Para lo malo, no
La admonición sobre el peligro de que se vean cumplidos nuestros sueños no es tan cínica como parece. Las autonomías, que hace tres meses calificaban de dictadura el control del Gobierno sobre los movimientos ciudadanos a consecuencia del estado de alarma desean ahora fervientemente que se vuelva a hacer cargo de la situación, para evitarse una decisión tan incómoda como la de declarar un nuevo confinamiento en su territorio y desnudar así su mala gestión. ¿Qué presidente autonómico se atreverá a ser el primero en encerrar a todos sus ciudadanos, por mucho que los rebrotes locales se multipliquen o la situación hospitalaria se descontrole?.
Discutir a estas alturas si las autonomías son buenas o malas solo genera frustración, como todas las discusiones sobre lo que no puede cambiarse. Si en España hay 17 gobiernos para decidir en materia de sanidad, en EE UU tienen 50 y en Alemania 16, y allí nadie se lleva las manos a la cabeza. El problema no es de número ni el haber creado una estructura administrativa que no podemos pagar (ese es un debate para otra ocasión), el problema es que se comporten como niños, incapaces de asumir las decisiones difíciles, porque tienen demasiado cerca a los afectados, un problema que se agrava aún más en los ayuntamientos.
En los años 80, el Gobierno socialista comprobó que el sistema administrativo creado por la Constitución generaba un problema de fondo. El gasto autonómico crecía mucho más deprisa que el estatal, lo que daba lugar a desequilibrios financieros cada vez más graves en las comunidades, que les llevaba a reclamar insistentemente a Madrid nuevos recálculos del reparto. Las autonomías estaban encantadas de gastar y lo hacían como si no hubiera un mañana, porque no tenían la obligación de recaudar, salvo algunas minucias.

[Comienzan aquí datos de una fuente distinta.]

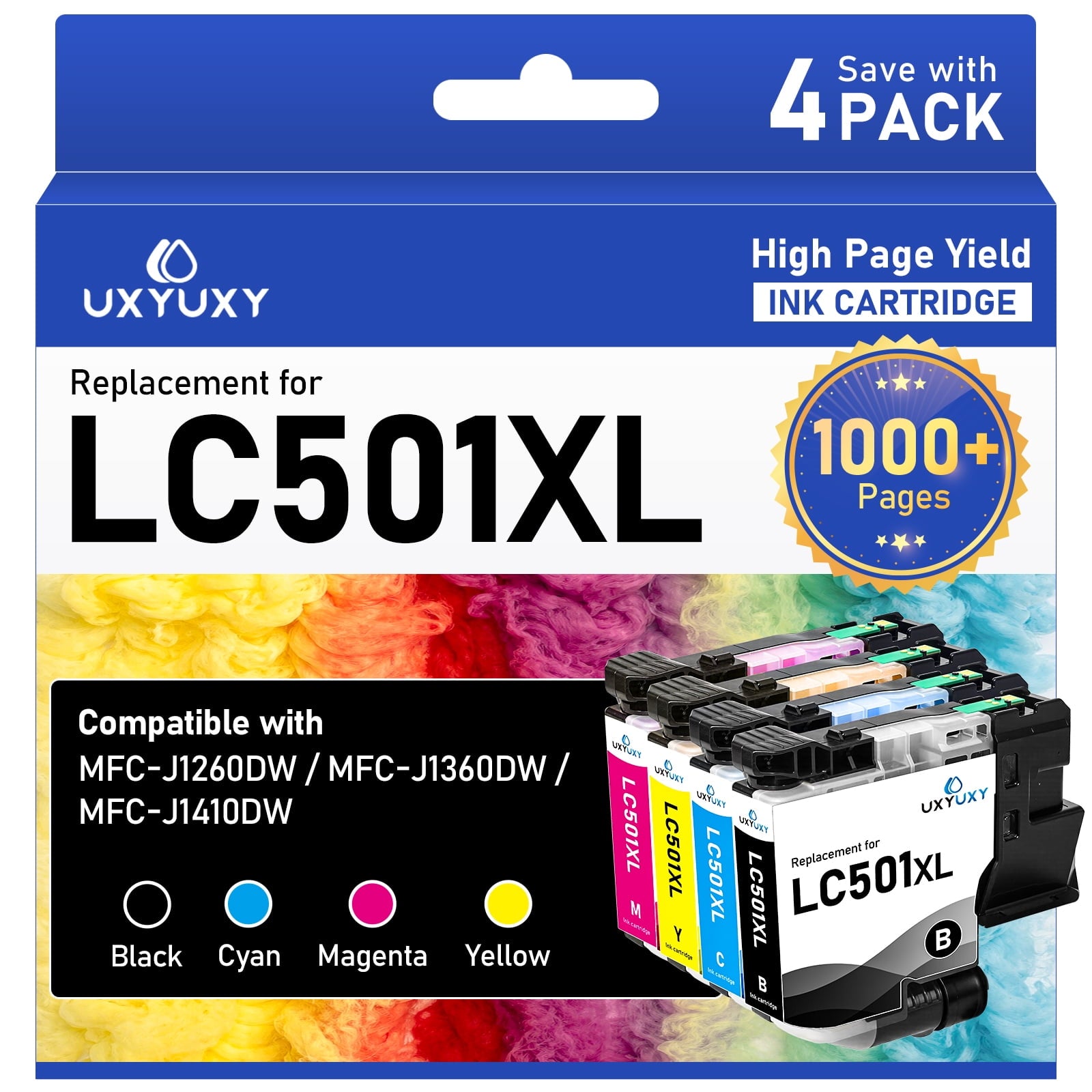 LC501XL Ink Cartridge Combo Pack for Brother LC501XL LC-501XL for MFC-J1260DW MFC-J1360DW MFC-J1410DW Printer (4-Pack)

Quien ponía la cara para sacarle los cuartos al ciudadano era el Estado, que luego entregaba parte a las autonomías y ayuntamientos, que también hicieron todo lo posible por desentenderse del asunto, tras una experiencia muy mala. Cuando Borrell, como secretario de Estado de Hacienda, accedió a que, para salvar la crítica situación de los municipios, pudiesen establecer un recargo sobre el IRPF de sus vecinos, Hormaechea, alcalde de Santander (una de las ciudades más endeudadas del país) no tuvo más opción que imponerlo y las críticas fueron inmediatas, aunque algunas no saliesen a la luz, como la del abuelo de la actual presidenta del Banco Santander, que se empadronó en Madrid, y no por diferencias políticas, porque él mismo había tenido mucho que ver en la designación de Hormaechea como alcalde.

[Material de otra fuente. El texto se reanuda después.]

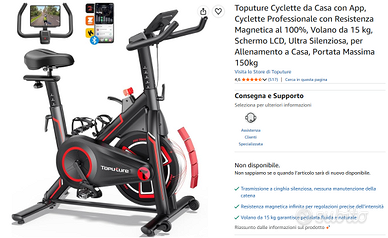 Cyclette Toputure Magnetica 15kg con App - Nuova
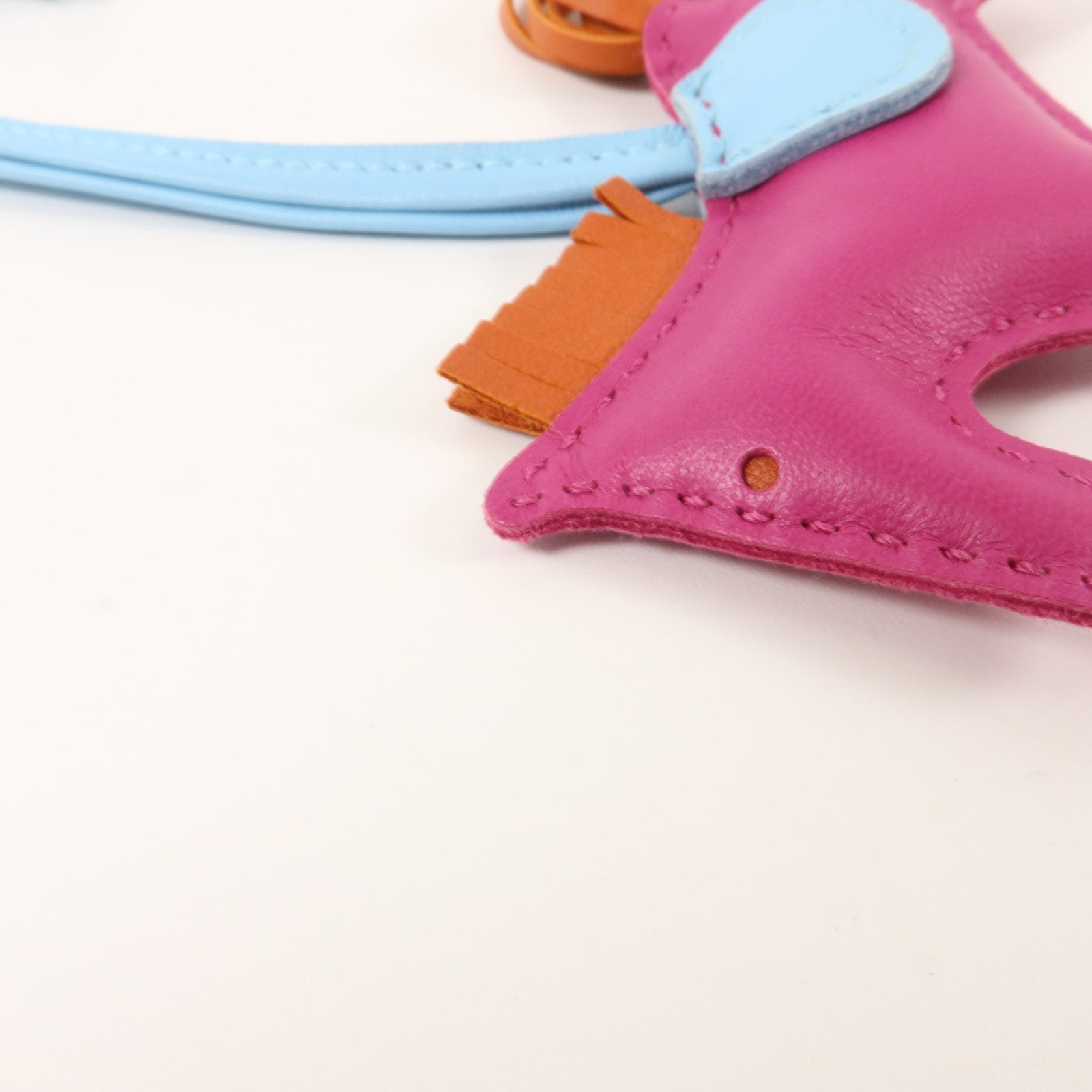 HERMES Milo皮革Rodeo PM掛飾Rose Purple/Celeste/Cornaline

Los ayuntamientos endeudados enseguida abandonaron el recargo, que les causaba un conflicto permanente con los vecinos, para exigir a Madrid la refinanciación que necesitaban, lo que el propio Borrell acabó aceptando.
Las autonomías, que surgieron un poco más tarde, también llegaron más tarde al colapso y el Gobierno de la nación decidió que la única forma de meter su gasto en cintura era comprometerles en la recaudación, pero, como ya ocurrió con los ayuntamientos, la corresponsabilidad fiscal que consiguió fue tan escasa que le pasa desapercibida al ciudadano, porque es la Agencia Tributaria Estatal la que sigue gestionando los impuestos de importancia, salvo en el caso de una herencia o la compra de una vivienda.
Las autonomías nunca han dado la cara y, cuando irremediablemente han de hacerlo, como ocurre en el Impuesto de Sucesiones, procuran vaciarlo de contenido.
Como en los matrimonios, las competencias se reciben para lo bueno y para lo malo, por lo que esa actitud infantil de pedir todas las competencias sobre las decisiones que permiten lucirse y, en cambio, eludir todas las que resultan ingratas o comprometidas, demuestra que las autonomías siguen a falta de un hervor, y más en estos momentos de tensión política y demagogia, en los que siempre habrá algún partido que prometa la luna y dé por sentado que, con quitar el sueldo a los políticos ya hay dinero de sobra para todo lo demás.
La pandemia debiera haber sido la oportunidad para reencauzar la vida política española por un camino más sosegado. No lo ha sido y quizá ahora, cuando todos los partidos están ya salpicados por el barro, al verse obligados a gestionar una enfermedad que nadie sabe resolver, acaben por hacerse a la idea de que tenemos bastantes problemas como para que ellos añadan más.